I have deliberately avoided using this blog to engage in overt political discourse, but I’ve never barred myself from political metadiscourse. Political discourse is about our beliefs on governance; political metadiscourse is more about understanding how people arrive at those beliefs and how those beliefs are expressed.
I’ve been posting on the internet for over two decades and I’ve lost some interest in engaging in discourses because it has become repetitive to a degree. So analyzing these repetitions and patterns across discourses is more interesting and fresh to me than the actual individual discourses.
One pattern of discourse that I’ve noticed goes something like this:
- Someone makes a proximate cause claim: “X happened because of Y,” or in its alternate form, “X would not have happened but for Y”.
- There are multiple potential Ys that can explain X.
- People debate about what is the most correctest of sine qua non among all the possible choices.
Here is a good example of such a “proximate cause” discourse (check the replies and feast on as much discourse as you can stomach):
These discourses tend to be uninteresting and uninformative because they involve everyone talking past each other. The pattern of retort to someone else’s theory of proximate cause is not to say that theirs is an invalid proximate cause, but that it is not the One True Proximate Cause. In other words, the retort to “A is the cause” is not “A did not cause it,” but rather “it was actually B.”
So everyone ends up making perfectly reasonable claims. It’s a choose-your-own-adventure. Discourses where everyone is allowed to be correct are not interesting to me; it is the discourse equivalent of a high school soccer scrimmage match. In my opinion, you will be happier and better off if you learn how to detect these sorts of discourses and refuse to engage in them.
Although these sorts of discourses are boring to engage with directly, they are fascinating from a metadiscourse perspective. Why would someone hone in on some proximate cause over another proximate cause? Obviously, people will pick whatever most suits their worldview, but isn’t that just begging the question?
As far as I can tell, the reasoning behind any given One True Proximate Cause comes down to theories of agency: i.e. people’s beliefs concerning which parties involved had the ability to correct course or to foresee how their actions would cause something undesirable, and which parties were bound by circumstance or reasonableness to act in a certain way.

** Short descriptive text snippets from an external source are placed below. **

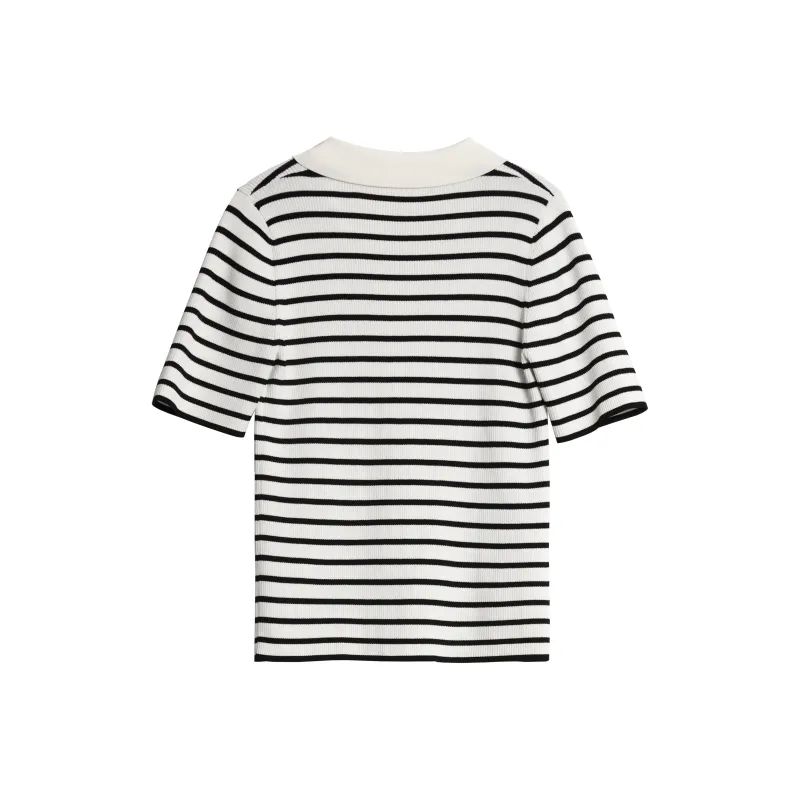 Mambe Knitwear Women's-6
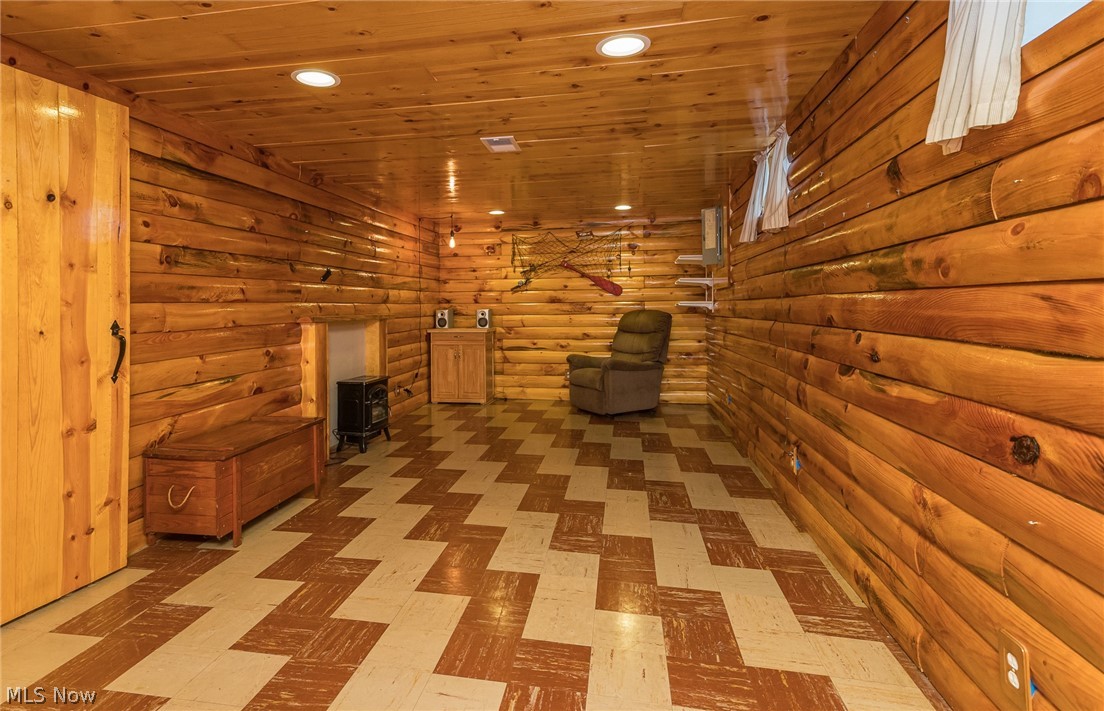 Lucerne - Residential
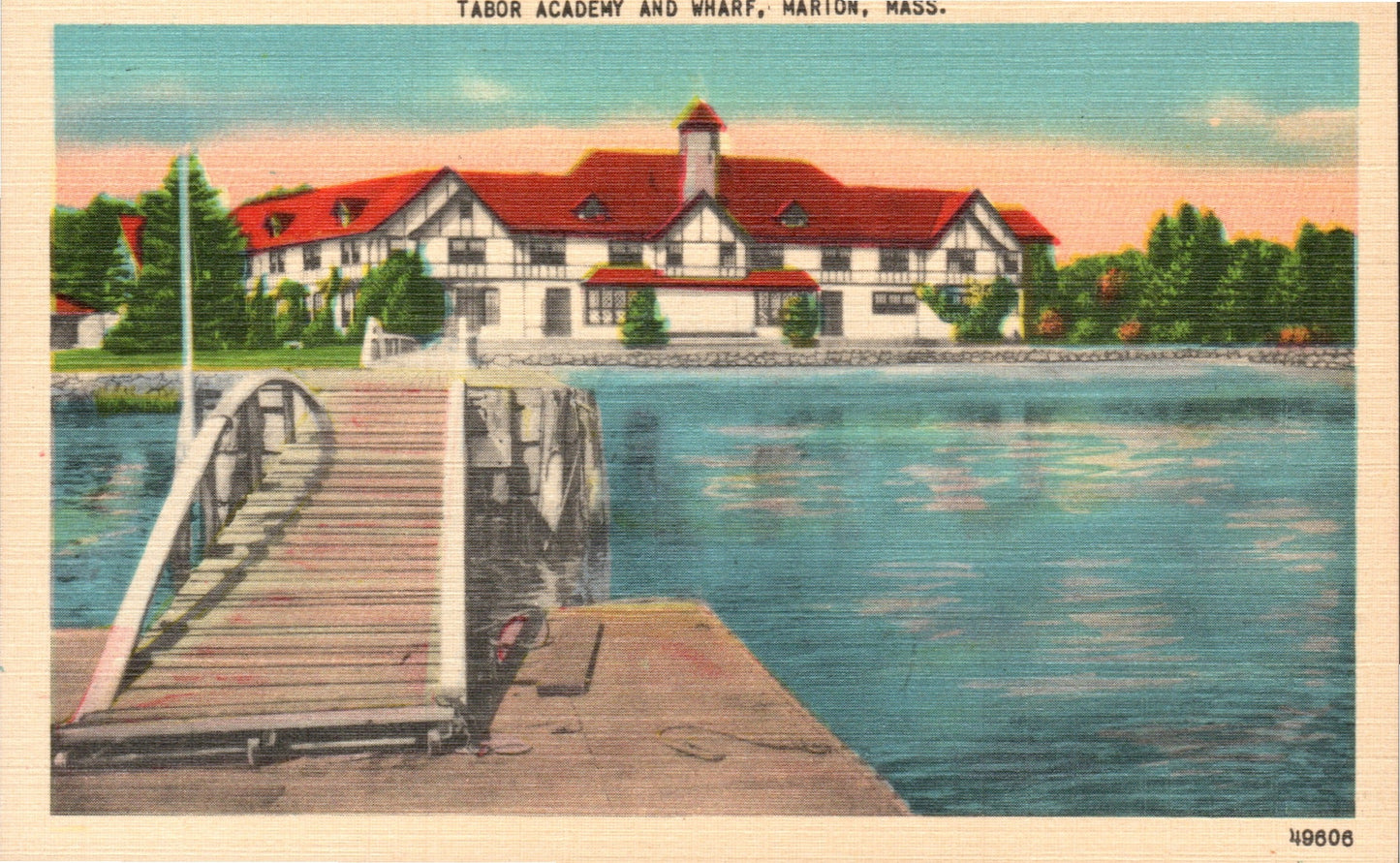 Plymouth County, MA (104 items)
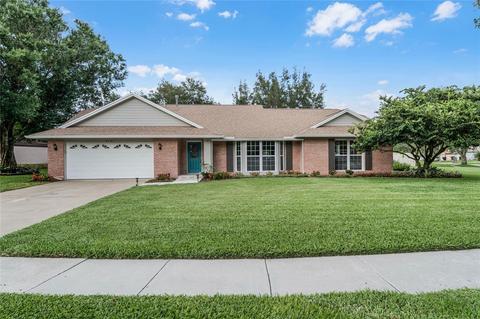 4741 Lonsdale Cir, Orlando, FL 32817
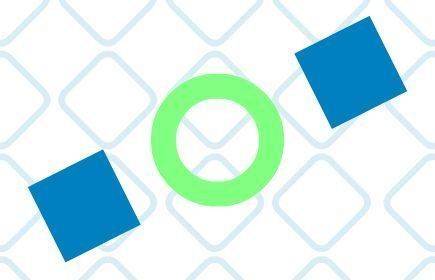 Upward Climbing Ball Puzzle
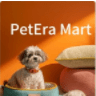 PetEra Mart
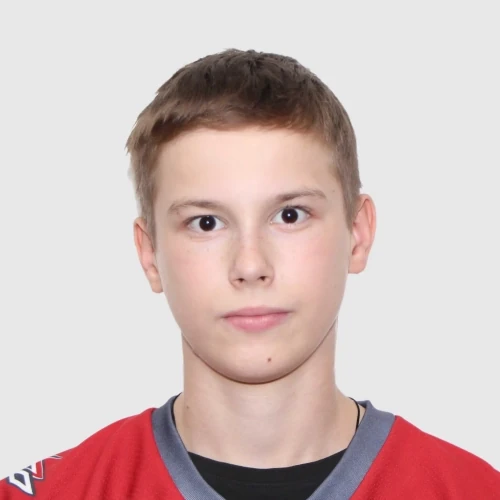 Filichev Georgii Evgenevich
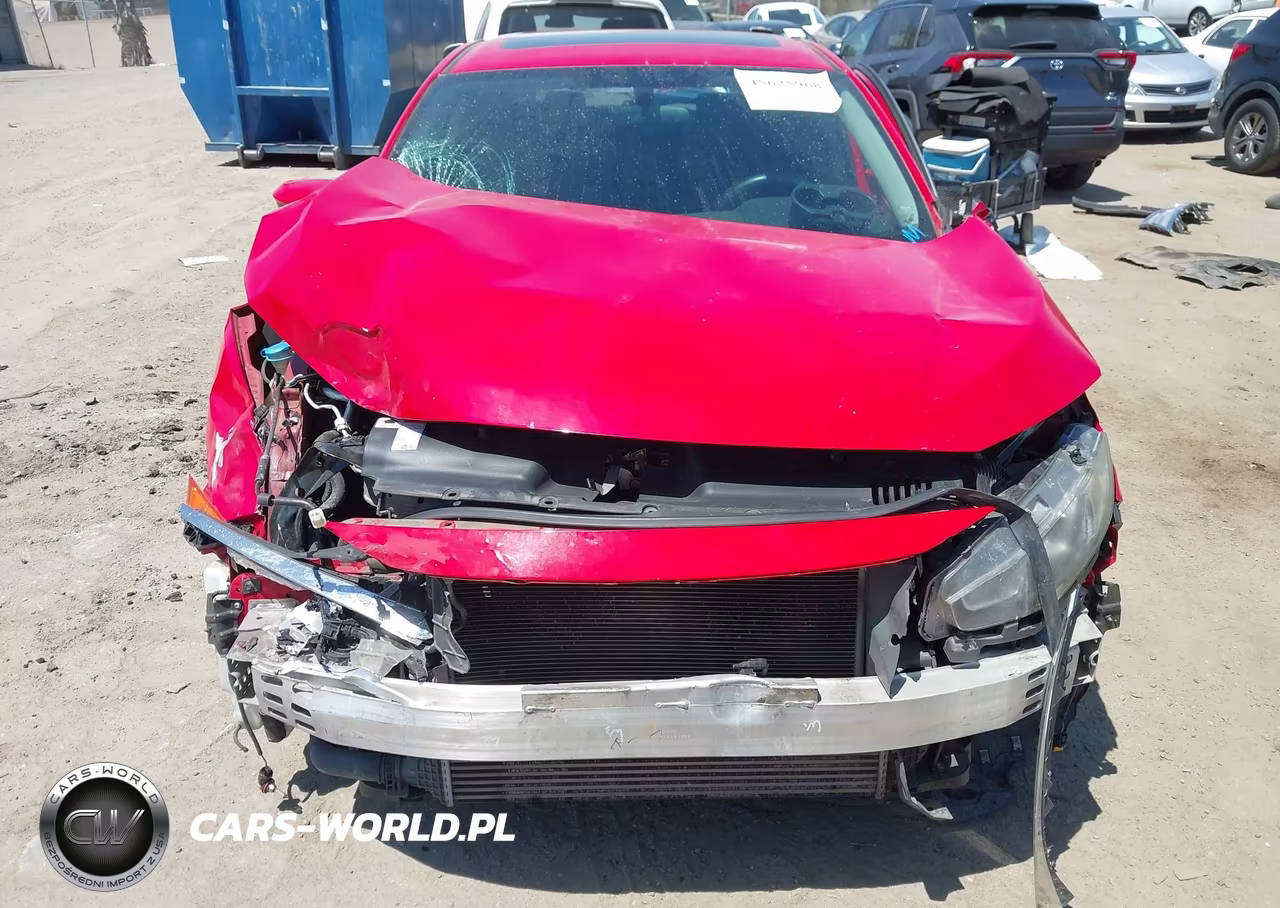 2017 Honda Civic Ex-T VIN:2HGFC1F31HH641806 - 17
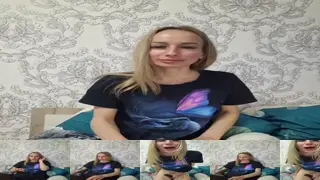 MarysiaxxxBongacams Porn Cam 2024-04-14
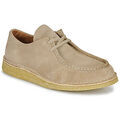 Boots Selected SLHCHRISTIAN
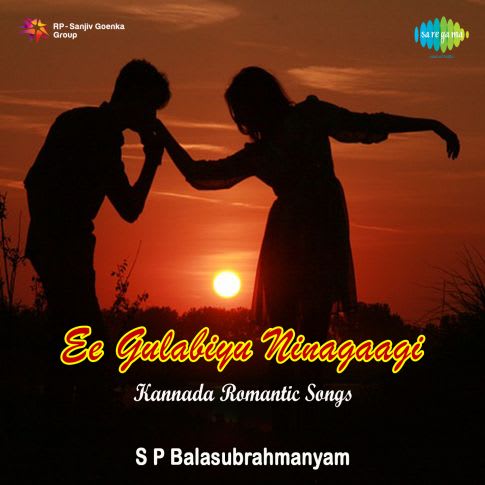 Album Blurred Banner Image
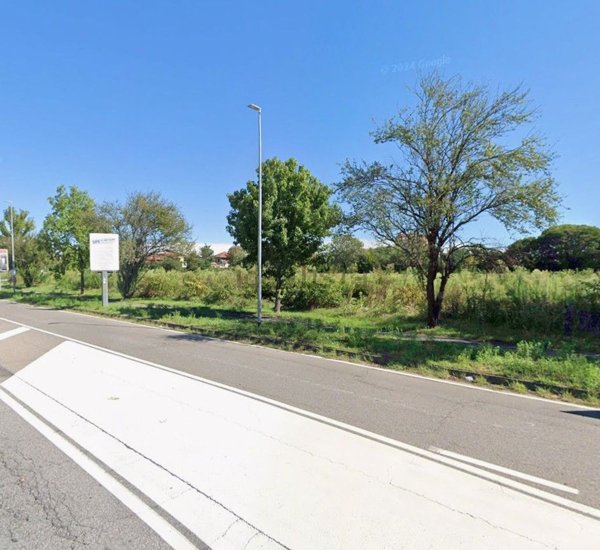 appartamento in affitto a Cormano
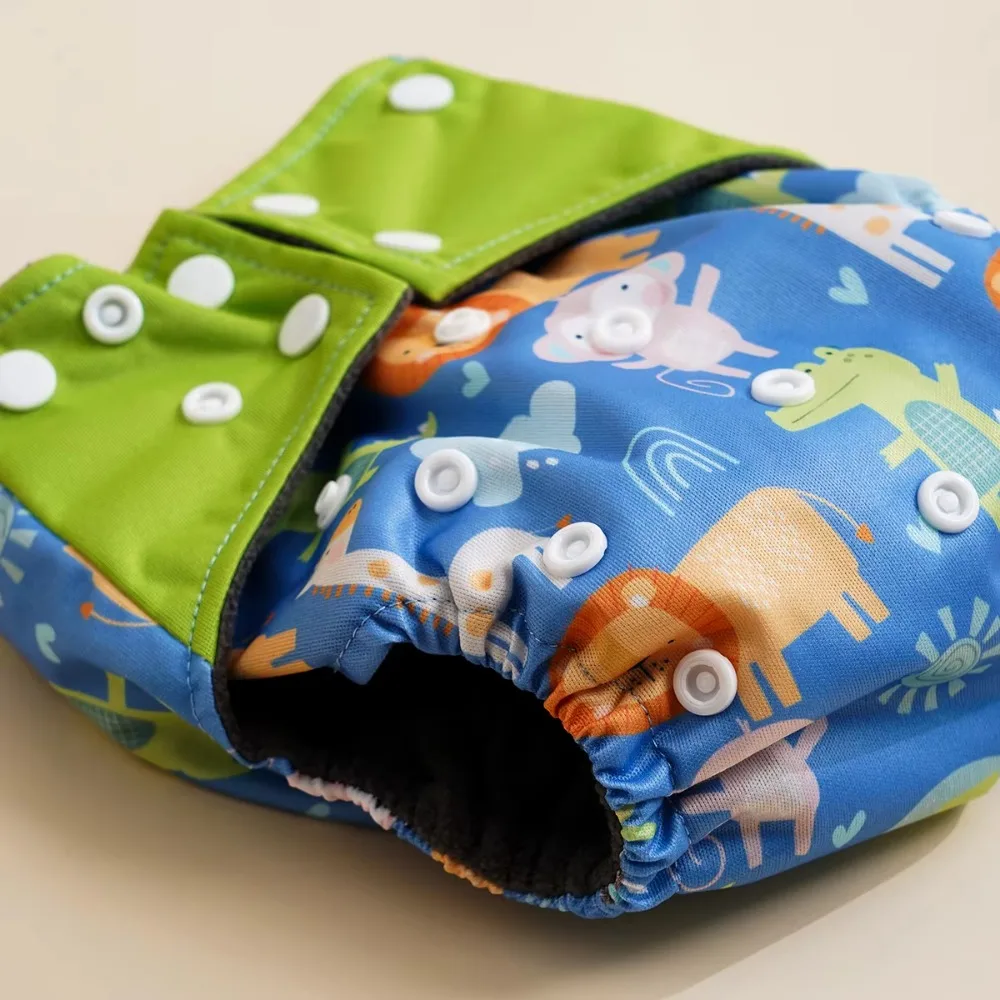 fraldas-de-pano-happy-pocket-anti-vazamento-reutilizaveis-para-bebes-de-3-15kg-fraldas-lavaveis-com-carvao-ativado-para-todas-as-estacoes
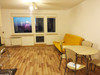 Mieszkanie mazowieckie
Warszawa
Ursynów Do wynajęcia 2300 PLN 31 m2 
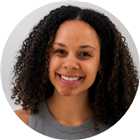 Keiona Doctor, LSW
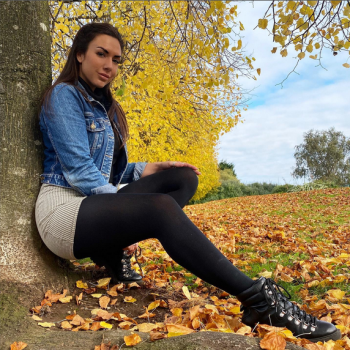 Screenshot 2022-03-20 at 22-16-16 Victoria Pérez.png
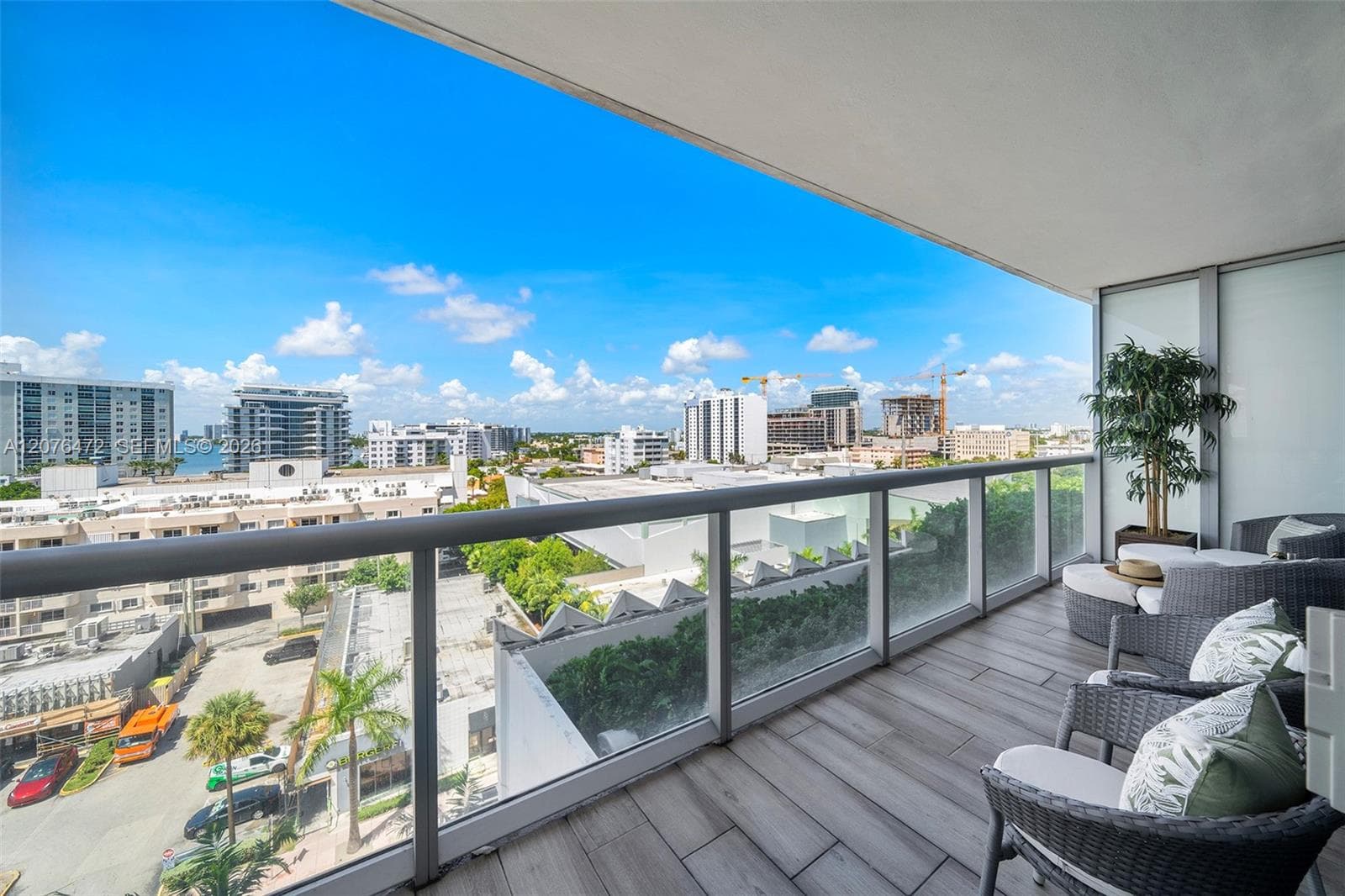 Carillon Miami Beach · #701 in Miami Beach - Photo 17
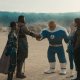 Avengers: Doomsday potrebbe avere un cast da oltre 180 attori: ecco chi è già confermato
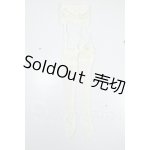 画像: MDD/OF:靴下 A-26-08-31-113-NY-ZA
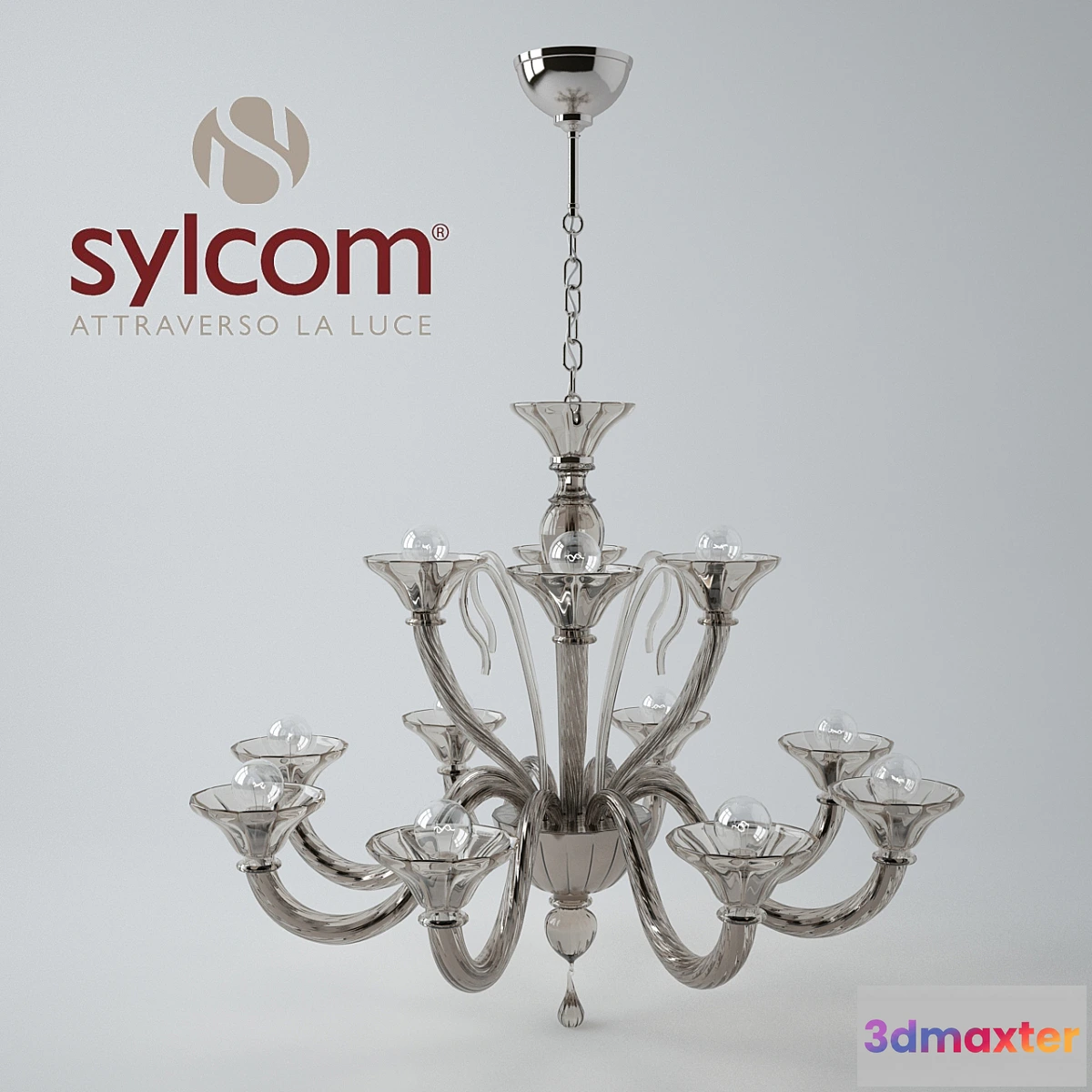 888342 - sylcom 1460_8 + 4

The people with whom we align ourselves end up being a part of the latter group– constrained by circumstance, acting reasonably– whereas the out-group ends up being the group that had agency all along, but who failed to act correctly so as to not proximately cause the bad event.
Once you see how many political discourses on the internet are defined solely by theories of which groups do and don’t have agency, it’s hard to unsee it. This is not to say that all theories of agency are created equally– some theories of agency are much easier to sympathize with than others. My point is only to say that theories of agency are the real discussions that people are having when discussing proximate causes of multi-causal events, and these discourses would be much better off if people cut to the chase on this point.